[[!tag standards]]
# REMAP
*
* add svindex
* see [[sv/propagation]] for a future way to apply
REMAP.
REMAP is an advanced form of Vector "Structure Packing" that
provides hardware-level support for commonly-used *nested* loop patterns.
For more general reordering an Indexed REMAP mode is available.
REMAP allows the usual vector loop `0..VL-1` to be "reshaped" (re-mapped)
from a linear form to a 2D or 3D transposed form, or "offset" to permit
arbitrary access to elements (when elwidth overrides are used),
independently on each Vector src or dest
register.
The initial primary motivation of REMAP was for Matrix Multiplication, reordering of sequential
data in-place. Four SPRs are provided so that a single FMAC may be
used in a single loop to perform for example 4x4 times 4x4 Matrix multiplication,
generating 64 FMACs. Additional uses include regular "Structure Packing"
such as RGB pixel data extraction and reforming.
REMAP, like all of SV, is abstracted out, meaning that unlike traditional
Vector ISAs which would typically only have a limited set of instructions
that can be structure-packed (LD/ST typically), REMAP may be applied to
literally any instruction: CRs, Arithmetic, Logical, LD/ST, anything.
Note that REMAP does not *directly* apply to sub-vector elements: that
is what swizzle is for. Swizzle *can* however be applied to the same
instruction as REMAP. As explained in [[sv/mv.swizzle]], [[sv/mv.vec]] and the [[svp64/appendix]], Pack and Unpack EXTRA Mode bits
can extend down into Sub-vector elements to perform vec2/vec3/vec4
sequential reordering, but even here, REMAP is not extended down to
the actual sub-vector elements themselves.
In its general form, REMAP is quite expensive to set up, and on some
implementations introduce
latency, so should realistically be used only where it is worthwhile.

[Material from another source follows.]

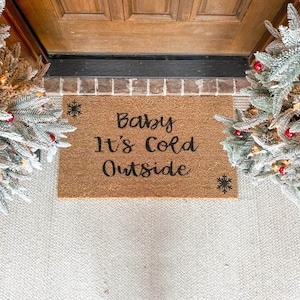 Baby It’s Cold Outside Doormat, Christmas, Home Decor, Holiday Decor, Welcome Mat, Cute Doormat, Christmas Decor, Christmas Doormat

Commonly-used patterns such as Matrix Multiply, DCT and FFT have
helper instruction options which make REMAP easier to use.
There are three types of REMAP:
* **Matrix**, also known as 2D and 3D reshaping
* **FFT/DCT**, with full triple-loop in-place support: limited to
Power-2 RADIX
* **Indexing**, for any general-purpose reordering, also includes
limited 2D reshaping. Currently
under development.
# Principle
* normal vector element read/write of operands would be sequential
(0 1 2 3 ....)
* this is not appropriate for (e.g.) Matrix multiply which requires
accessing elements in alternative sequences (0 3 6 1 4 7 ...)

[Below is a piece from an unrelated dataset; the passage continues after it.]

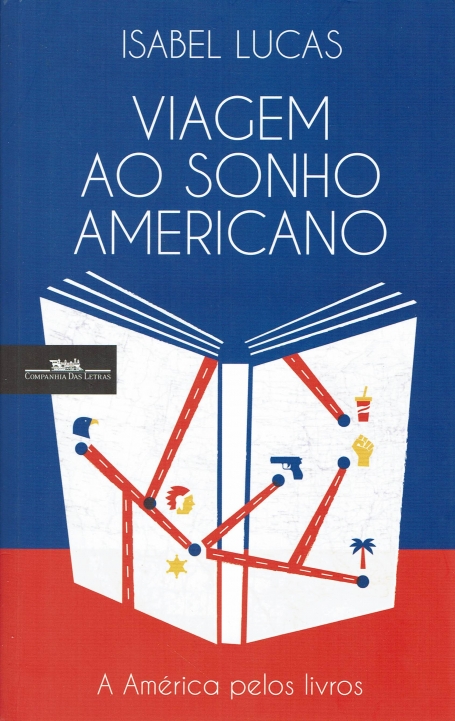VIAGEM AO SONHO AMERICANO - A AMERICA PELOS LIVROS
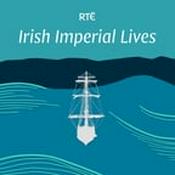 Podcast Irish Imperial Lives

* normal Vector ISAs use either Indexed-MV or Indexed-LD/ST to "cope"
with this. both are expensive (copy large vectors, spill through memory)

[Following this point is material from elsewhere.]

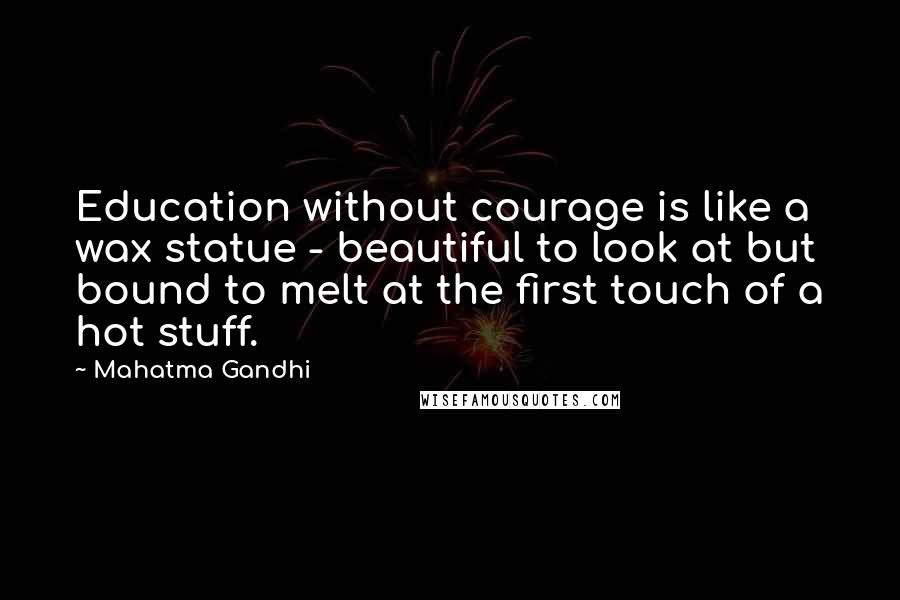 Mahatma Gandhi Quotes: Education without courage is like a wax statue - beautiful to look at but bound to melt at the first touch of a hot stuff.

and very few Packed SIMD ISAs cope with non-Power-2.
* REMAP **redefines** the order of access according to set "Schedules".
* The Schedules are not necessarily restricted to power-of-two boundaries
making it unnecessary to have for example specialised 3x4 transpose
instructions.
Only the most commonly-used algorithms in computer science have REMAP
support, due to the high cost in both the ISA and in hardware. For
arbitrary remapping the `Indexed` REMAP may be used.
# Executive Summary Usage
* `svshape` to set the type of reordering to be applied to an
otherwise usual `0..VL-1` hardware for-loop
* `svremap` to set which registers a given reordering is to apply to
(RA, RT etc)
* `sv.instruction` where any Vectorised register marked by `svremap`
will have its ordering REMAPPED according to the schedule set
by `svshape`.
The following illustrative example multiplies a 3x4 and a 5x3
matrix to create
a 5x4 result:
svshape 5, 4, 3, 0, 0
svremap 31, 1, 2, 3, 0, 0, 0, 0
sv.fmadds 0.v, 8.v, 16.v, 0.v
* svshape sets up the four SVSHAPE SPRS for a Matrix Schedule
* svremap activates all five registers RA RB RC RT RS (31)
* svremap requests:
- RA to use SVSHAPE1
- RB to use SVSHAPE2
- RC to use SVSHAPE3
- RT to use SVSHAPE0
- RS to use SVSHAPE0
* sv.fmadds has RT=0.v, RA=8.v, RB=16.v, RC=0.v
* With REMAP being active each register's element index is
*independently* transformed using the specified SHAPEs.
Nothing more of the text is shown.